Friday, May 4, 2012

An Analysis of THE BLOOMSDAY DEAD by Adrian McKinty

Roger Moore, in his autobiography, says that he always thought that the James Bond character should be perpetually glib.  Moore disagreed with many of the more serious lines he was scripted to say.

There's a scene in the film, Thunderball, then played by Sean Connery, where Bond perceives that he is about to be shot while on the dance floor.  He quickly whirls his dance partner around so that she takes the bullet.  Then he manhandles her body to the side and drops it back into a chair at a table where others are sitting.  He looks over at them, smiles reassuringly, and says, "Do you mind if my friend sits this one out?  She's just dead."


If you don't see the humor there, you can stop reading this review.  The outlandish unlikelihood of this actually happening does not detract from the humor.  The scene aptly illustrates what the James Bond movies were about--at their best.  Death was all around and a constant object of Bond wisecracks, and the movies turn to gimmicky crap whenever they take life or death too seriously.

Which brings me to Adrian McKinty's protagonist, Michael Forsythe, in The Bloomsday Dead, who should be seen in the same spirit.  Forsythe is an existentialist with a strong survival instinct and a dark sense of humor.  The wry humor in his nonchalant observations endears him to the reader despite the outlandish Bond-like slapstick in the plot.


This is the third and final novel of the author's Dead series, which began with Dead I Well May Be and continued with The Dead YardThe Bloomsday Dead takes its name, epigraph,  time-frame, and chapter titles from James Joyce's works, including Ulysses--which of course takes many of its own plot lines and symbolism from Homer's The Odyssey.

McKinty's novel opens with references to Ulysses and naturally closes with them.  In between are a number of allusions often in a humorous context.  On a plane he finds them showing the Coen Brothers' own tribute to Ulysses/Odysseus, O Brother, Where Art Thou? 
The Sirens in O Brother Where Art Thou?

Forsythe is well-read, and his musings often involve the classics, such as in this paragraph:

"The Atlantic, heaving silent and black five miles below us, and I dreamed of it, of words and things, of whale boats, barnacles, eye-patched Irish men, Leopold Bloom in and out of Dublin pubs, Starbuck and Scotchy and Siobban, all of them missing, and Ishmael's rescuer, the devious Rachel, seeking out her lost children, but only finding another orphan."

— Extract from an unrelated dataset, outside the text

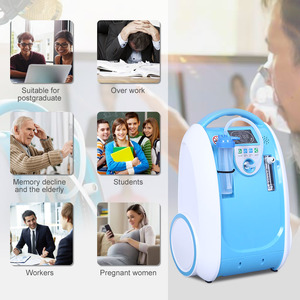 Factory Wholesale 1-7l Portable Oxygen-Concentrator With <strong>Nebulizer</strong> for Home - Product Image 6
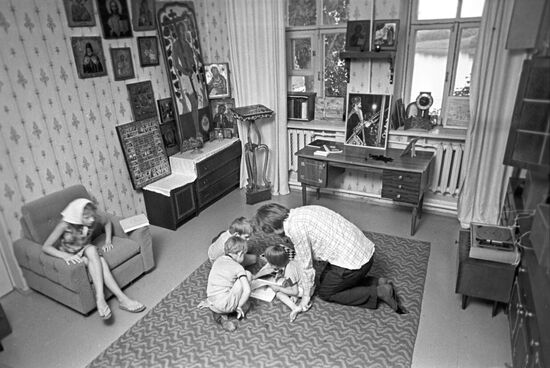 Student of the Moscow Theological Seminary Father Nikolai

Of course that orphan was floating precariously atop a coffin, the knowledge of death deep in Moby Dick, as it should be.  McKinty has Forsythe on hand in Dublin for the 100th Anniversary of the original Bloomsday and he sees the parade of Joycean  characters.  But from there he travels to McKinty's own Northern Ireland:

"Sunshine in Dublin.  Rain in Belfast.  How could it be otherwise?  Each place within the city colorized by the greasy empire of Belfast rain.  Every timber, stone, neck, collar, bare head and arm.  The dull East Ulster rain that was born conjoined with oil and diesel fumes and tinged with salt and soot. . .That air redolent with violence and blood.  And everywhere the reminders of six years of sectarian cold war, thirty years of low-level civil war, eight hundred years of unceasing, boiling trouble and strife."

"They say the air over Jerusalem is thick with prayers, and Dublin might have its fair share of storytellers, but this is where the real bullshit artists live.  The air over this town is thick with lies."

The plot of the novel is driven by the love/hate relationship between Forsythe and Bridget Callaghan, who is described in mythic terms, for indeed at times she is the Eternal Feminine, an earth mother who is both creator and destroyer, and at other times she is more pointedly the mother country, an Ireland divided or united by strife or peace.


If you didn't see any deeper levels, this might seem a bit like that Brad Pitt/Angelina Jolie movie, Mr. and Mrs. Smith.  Any slapstick?  Yes.  Any outlandish melodramatics?  Yes.

But is this novel worth your time?


Definitely, yes.

1 comment:

  1. Thanks for the review, Rich, I really appreciate it. And yup you picked out my favourite paragraph too.

    The critics who didnt like the book (a minority I'm happy to say) didnt get the satirical intent behind it.